**STUDY MATERIAL:**
▬▬▬▬▬▬▬▬▬▬

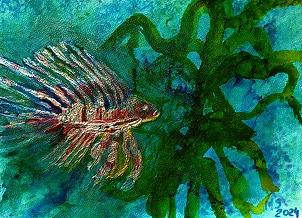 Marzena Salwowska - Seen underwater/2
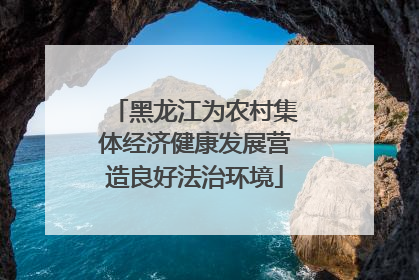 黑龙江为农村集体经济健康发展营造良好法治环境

▬▬▬▬▬▬▬▬▬▬

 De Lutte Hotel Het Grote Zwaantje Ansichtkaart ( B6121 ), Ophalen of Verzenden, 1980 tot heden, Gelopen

▬▬▬▬▬▬▬▬▬▬

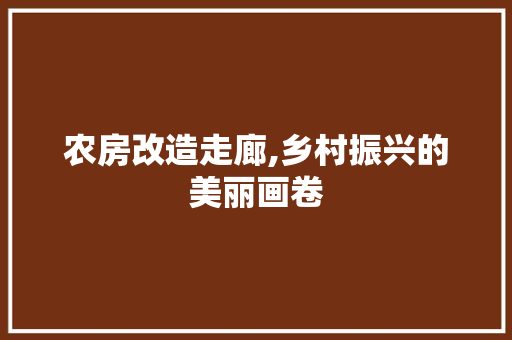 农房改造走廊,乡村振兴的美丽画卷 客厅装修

▬▬▬▬▬▬▬▬▬▬

**TASK GOAL:** Above are some entries. Restate word for word the lines from the one holding "Marzena Salwowska - Seen underwater/2" through the one holding "黑龙江为农村集体经济健康发展营造良好法治环境", but not the pictures.

**REPLY TO THE EXERCISE:**
 Marzena Salwowska - Seen underwater/2
 黑龙江为农村集体经济健康发展营造良好法治环境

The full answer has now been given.